Issue #14745 has been updated by janko (Janko Marohni).


> it looks like @stream_cipher.update can take a second destination arg (like IO#read and friends) and maybe that helps... (that appears to be OpenSSL::Cipher#update)

Wow, I didn't know that. Thanks, this allowed me to greatly simplify the `#read` implementation, so now it's both simpler and has lower memory usage than the original implementation.
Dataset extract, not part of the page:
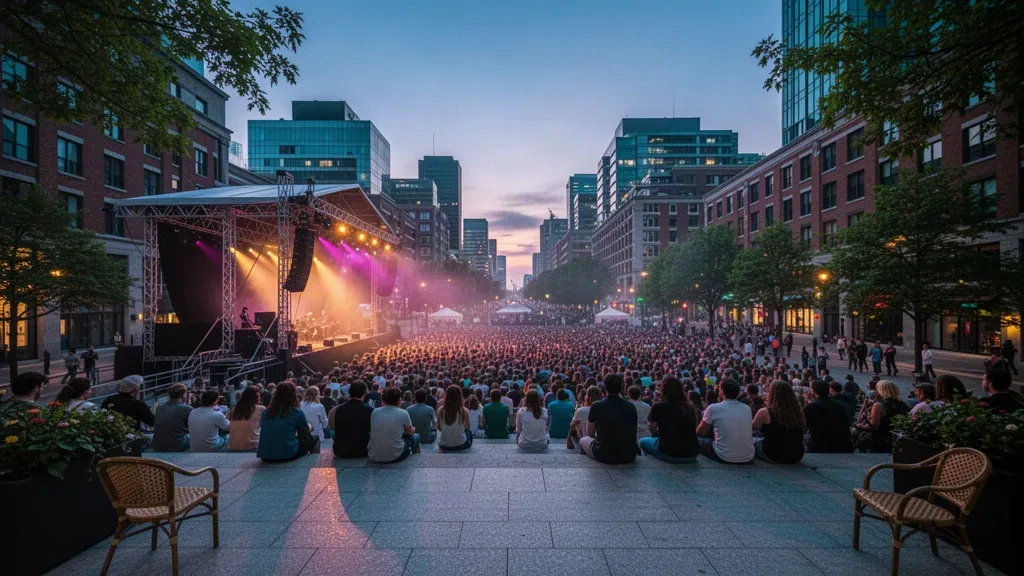 Scène extérieure de festival de jazz et foule au crépuscule dans le Quartier des spectacles du centre-ville de Montréal, Québec, Canada, à l'été 2027.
> I've sometimes wondered if adding a String#exchange! method might help

That sounds very useful to have in general. In my particular scenario (the PR) I wouldn't have use of it after all, this `String#clear` vs `String#replace` thing was just something I encountered during the optimization, the current version doesn't need `String#replace`. But I can imagine `String#exchange!` being a useful tool for diligent string management.

I'll close this ticket, as this seems to be a necessary consequence of the copy-on-write optimization, and I'm not having problems with it anymore.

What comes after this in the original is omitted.